== Records for this exercise

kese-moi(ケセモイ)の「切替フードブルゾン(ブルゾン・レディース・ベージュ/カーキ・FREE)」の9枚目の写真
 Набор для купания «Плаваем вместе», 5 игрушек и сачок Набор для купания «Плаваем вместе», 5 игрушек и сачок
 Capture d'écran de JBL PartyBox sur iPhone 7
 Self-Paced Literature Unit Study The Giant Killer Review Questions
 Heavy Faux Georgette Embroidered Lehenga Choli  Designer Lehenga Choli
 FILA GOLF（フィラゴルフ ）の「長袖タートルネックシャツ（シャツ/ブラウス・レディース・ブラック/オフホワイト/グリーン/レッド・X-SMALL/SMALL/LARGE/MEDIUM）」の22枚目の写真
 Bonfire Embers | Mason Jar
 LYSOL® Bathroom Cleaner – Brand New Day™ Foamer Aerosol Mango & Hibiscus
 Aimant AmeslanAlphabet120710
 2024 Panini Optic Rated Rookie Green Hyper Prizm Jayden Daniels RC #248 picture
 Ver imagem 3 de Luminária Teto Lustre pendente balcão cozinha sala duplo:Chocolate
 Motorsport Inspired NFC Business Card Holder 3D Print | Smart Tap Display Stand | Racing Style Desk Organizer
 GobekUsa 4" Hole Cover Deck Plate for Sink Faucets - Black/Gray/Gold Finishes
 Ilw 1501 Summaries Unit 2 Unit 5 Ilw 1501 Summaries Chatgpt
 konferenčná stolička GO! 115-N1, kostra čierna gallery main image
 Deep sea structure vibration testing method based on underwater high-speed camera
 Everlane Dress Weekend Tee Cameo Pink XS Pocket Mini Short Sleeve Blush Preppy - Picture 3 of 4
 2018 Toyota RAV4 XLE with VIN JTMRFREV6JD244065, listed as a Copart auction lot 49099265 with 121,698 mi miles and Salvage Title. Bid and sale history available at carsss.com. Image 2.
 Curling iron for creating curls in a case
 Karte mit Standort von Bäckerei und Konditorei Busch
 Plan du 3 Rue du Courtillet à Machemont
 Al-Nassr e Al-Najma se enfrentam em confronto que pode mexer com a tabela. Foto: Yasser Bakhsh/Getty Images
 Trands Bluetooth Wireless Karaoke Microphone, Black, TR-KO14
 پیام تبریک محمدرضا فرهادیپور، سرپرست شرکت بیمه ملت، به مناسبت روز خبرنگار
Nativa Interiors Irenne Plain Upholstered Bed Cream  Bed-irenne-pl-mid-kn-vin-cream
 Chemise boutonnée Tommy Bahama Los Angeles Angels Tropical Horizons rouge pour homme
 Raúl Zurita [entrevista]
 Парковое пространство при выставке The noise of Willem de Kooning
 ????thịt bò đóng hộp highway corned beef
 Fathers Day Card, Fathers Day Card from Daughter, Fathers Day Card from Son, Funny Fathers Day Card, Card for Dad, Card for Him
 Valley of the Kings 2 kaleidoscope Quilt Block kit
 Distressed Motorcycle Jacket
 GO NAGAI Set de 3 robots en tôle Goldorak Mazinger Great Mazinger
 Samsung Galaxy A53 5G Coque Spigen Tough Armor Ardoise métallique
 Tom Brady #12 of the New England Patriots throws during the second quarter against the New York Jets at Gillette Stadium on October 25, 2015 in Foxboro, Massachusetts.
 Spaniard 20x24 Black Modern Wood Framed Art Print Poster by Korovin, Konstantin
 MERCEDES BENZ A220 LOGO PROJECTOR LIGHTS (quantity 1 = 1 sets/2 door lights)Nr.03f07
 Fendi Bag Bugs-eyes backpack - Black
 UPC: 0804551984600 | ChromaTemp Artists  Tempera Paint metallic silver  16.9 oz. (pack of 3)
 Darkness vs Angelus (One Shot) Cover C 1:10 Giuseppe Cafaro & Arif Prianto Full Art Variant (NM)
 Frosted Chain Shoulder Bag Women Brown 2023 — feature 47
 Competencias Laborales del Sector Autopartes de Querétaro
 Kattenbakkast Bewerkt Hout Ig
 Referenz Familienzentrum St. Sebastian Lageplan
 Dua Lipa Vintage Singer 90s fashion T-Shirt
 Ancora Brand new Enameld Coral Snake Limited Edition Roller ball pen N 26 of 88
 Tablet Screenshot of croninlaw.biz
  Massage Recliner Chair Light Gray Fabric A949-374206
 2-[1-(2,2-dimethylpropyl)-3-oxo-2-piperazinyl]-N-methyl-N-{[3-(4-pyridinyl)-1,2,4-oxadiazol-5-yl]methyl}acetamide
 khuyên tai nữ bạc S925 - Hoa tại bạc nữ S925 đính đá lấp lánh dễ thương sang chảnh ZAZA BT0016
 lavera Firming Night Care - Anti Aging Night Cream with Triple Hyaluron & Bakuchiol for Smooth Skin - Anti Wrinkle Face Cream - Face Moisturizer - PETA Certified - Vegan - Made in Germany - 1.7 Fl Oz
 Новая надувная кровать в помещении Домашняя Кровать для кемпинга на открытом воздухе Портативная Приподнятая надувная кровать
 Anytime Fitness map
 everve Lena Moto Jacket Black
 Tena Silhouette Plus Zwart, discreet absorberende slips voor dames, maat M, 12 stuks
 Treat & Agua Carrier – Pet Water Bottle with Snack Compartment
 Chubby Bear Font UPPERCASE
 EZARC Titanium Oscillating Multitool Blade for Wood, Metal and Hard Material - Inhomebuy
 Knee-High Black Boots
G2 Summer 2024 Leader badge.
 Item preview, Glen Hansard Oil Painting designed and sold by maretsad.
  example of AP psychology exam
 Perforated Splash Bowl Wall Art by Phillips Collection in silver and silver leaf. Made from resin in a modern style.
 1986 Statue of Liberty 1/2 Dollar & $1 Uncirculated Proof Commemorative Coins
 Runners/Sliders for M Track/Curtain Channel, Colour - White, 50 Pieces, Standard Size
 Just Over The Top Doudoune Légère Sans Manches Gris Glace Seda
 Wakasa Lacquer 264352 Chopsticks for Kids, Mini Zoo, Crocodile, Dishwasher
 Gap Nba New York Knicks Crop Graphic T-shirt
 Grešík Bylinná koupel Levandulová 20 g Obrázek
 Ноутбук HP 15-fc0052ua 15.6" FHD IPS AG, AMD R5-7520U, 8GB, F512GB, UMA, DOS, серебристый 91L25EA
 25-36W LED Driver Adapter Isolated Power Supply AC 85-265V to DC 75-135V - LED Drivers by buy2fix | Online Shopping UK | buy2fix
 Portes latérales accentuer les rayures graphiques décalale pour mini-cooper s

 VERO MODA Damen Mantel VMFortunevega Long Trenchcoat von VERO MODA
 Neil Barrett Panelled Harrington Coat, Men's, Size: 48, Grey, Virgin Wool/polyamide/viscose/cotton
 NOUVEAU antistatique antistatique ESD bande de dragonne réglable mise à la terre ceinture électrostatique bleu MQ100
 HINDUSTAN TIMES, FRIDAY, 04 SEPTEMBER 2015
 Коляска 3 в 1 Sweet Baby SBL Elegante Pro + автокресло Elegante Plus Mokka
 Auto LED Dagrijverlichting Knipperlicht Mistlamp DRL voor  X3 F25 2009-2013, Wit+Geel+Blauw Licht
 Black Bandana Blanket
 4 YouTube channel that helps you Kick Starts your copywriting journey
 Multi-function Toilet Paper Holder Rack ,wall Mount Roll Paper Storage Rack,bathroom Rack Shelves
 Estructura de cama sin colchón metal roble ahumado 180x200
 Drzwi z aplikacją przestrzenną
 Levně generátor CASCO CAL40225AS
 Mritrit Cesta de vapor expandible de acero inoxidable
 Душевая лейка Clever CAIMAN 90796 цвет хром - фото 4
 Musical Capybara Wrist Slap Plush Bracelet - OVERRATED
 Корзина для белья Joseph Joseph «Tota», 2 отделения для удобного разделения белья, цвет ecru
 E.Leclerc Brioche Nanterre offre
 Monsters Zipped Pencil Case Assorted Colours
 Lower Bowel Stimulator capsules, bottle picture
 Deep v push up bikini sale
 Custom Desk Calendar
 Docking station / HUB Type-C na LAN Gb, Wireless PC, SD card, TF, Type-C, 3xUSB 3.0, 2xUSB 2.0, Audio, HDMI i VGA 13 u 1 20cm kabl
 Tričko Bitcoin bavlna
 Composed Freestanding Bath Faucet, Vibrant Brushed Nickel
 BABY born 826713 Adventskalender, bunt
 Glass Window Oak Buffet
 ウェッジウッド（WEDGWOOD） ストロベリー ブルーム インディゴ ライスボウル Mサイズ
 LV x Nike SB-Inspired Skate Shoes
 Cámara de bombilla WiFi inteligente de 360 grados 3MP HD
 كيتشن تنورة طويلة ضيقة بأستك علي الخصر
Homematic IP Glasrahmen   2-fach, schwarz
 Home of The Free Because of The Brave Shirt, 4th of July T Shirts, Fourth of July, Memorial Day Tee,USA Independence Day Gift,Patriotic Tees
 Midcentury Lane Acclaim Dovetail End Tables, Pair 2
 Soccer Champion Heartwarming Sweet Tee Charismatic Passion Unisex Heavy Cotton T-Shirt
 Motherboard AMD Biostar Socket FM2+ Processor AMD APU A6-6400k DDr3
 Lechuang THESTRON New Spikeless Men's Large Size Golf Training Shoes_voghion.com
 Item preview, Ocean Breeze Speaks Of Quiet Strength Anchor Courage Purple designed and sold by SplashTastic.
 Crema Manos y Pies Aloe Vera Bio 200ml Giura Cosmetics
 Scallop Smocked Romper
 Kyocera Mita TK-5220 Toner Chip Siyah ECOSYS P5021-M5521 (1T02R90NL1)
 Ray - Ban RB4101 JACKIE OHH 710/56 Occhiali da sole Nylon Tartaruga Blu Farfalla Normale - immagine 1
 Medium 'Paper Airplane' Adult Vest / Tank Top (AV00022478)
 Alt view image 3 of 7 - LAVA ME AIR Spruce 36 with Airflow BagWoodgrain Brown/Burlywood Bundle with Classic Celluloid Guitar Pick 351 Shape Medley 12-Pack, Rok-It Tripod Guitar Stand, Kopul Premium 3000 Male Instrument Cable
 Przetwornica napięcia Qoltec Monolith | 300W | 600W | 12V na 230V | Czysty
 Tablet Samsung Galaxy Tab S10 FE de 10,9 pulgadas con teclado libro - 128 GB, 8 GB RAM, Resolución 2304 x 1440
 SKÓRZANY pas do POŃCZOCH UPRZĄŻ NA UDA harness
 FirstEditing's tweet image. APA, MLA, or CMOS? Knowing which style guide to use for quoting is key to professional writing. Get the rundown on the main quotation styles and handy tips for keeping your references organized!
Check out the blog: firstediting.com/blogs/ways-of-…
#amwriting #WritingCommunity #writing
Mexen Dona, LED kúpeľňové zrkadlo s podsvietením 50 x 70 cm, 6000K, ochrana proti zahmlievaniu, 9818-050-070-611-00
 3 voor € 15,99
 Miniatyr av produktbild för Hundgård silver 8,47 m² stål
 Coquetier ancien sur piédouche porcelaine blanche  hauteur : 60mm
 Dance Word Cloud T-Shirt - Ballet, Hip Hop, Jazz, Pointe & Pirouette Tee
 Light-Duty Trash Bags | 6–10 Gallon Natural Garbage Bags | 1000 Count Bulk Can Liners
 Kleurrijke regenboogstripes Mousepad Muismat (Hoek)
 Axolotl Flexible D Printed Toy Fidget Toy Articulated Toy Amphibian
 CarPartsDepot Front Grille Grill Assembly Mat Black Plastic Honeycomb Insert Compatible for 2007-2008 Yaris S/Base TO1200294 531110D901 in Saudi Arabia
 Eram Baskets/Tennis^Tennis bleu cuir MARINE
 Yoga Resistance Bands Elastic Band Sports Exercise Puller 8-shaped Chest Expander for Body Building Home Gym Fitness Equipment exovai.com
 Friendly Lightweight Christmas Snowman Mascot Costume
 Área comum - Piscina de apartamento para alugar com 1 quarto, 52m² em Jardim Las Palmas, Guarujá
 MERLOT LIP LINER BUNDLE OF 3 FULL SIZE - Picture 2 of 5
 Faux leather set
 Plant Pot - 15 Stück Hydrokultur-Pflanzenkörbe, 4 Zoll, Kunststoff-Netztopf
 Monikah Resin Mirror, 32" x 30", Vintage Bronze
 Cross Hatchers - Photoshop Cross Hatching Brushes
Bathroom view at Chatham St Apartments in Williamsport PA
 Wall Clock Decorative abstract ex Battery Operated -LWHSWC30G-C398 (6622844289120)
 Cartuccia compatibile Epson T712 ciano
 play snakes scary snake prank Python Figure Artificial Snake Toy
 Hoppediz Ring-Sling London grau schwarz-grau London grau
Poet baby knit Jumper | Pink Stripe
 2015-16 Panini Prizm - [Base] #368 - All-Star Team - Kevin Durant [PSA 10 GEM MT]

====

Task item: Please copy exactly, and only, the lines running from the one containing "Miniatyr av produktbild" through the end of the listing.

Output for this task:
 Miniatyr av produktbild för Hundgård silver 8,47 m² stål
 Coquetier ancien sur piédouche porcelaine blanche  hauteur : 60mm
 Dance Word Cloud T-Shirt - Ballet, Hip Hop, Jazz, Pointe & Pirouette Tee
 Light-Duty Trash Bags | 6–10 Gallon Natural Garbage Bags | 1000 Count Bulk Can Liners
 Kleurrijke regenboogstripes Mousepad Muismat (Hoek)
 Axolotl Flexible D Printed Toy Fidget Toy Articulated Toy Amphibian
 CarPartsDepot Front Grille Grill Assembly Mat Black Plastic Honeycomb Insert Compatible for 2007-2008 Yaris S/Base TO1200294 531110D901 in Saudi Arabia
 Eram Baskets/Tennis^Tennis bleu cuir MARINE
 Yoga Resistance Bands Elastic Band Sports Exercise Puller 8-shaped Chest Expander for Body Building Home Gym Fitness Equipment exovai.com
 Friendly Lightweight Christmas Snowman Mascot Costume
 Área comum - Piscina de apartamento para alugar com 1 quarto, 52m² em Jardim Las Palmas, Guarujá
 MERLOT LIP LINER BUNDLE OF 3 FULL SIZE - Picture 2 of 5
 Faux leather set
 Plant Pot - 15 Stück Hydrokultur-Pflanzenkörbe, 4 Zoll, Kunststoff-Netztopf
 Monikah Resin Mirror, 32" x 30", Vintage Bronze
 Cross Hatchers - Photoshop Cross Hatching Brushes
Bathroom view at Chatham St Apartments in Williamsport PA
 Wall Clock Decorative abstract ex Battery Operated -LWHSWC30G-C398 (6622844289120)
 Cartuccia compatibile Epson T712 ciano
 play snakes scary snake prank Python Figure Artificial Snake Toy
 Hoppediz Ring-Sling London grau schwarz-grau London grau
Poet baby knit Jumper | Pink Stripe
 2015-16 Panini Prizm - [Base] #368 - All-Star Team - Kevin Durant [PSA 10 GEM MT]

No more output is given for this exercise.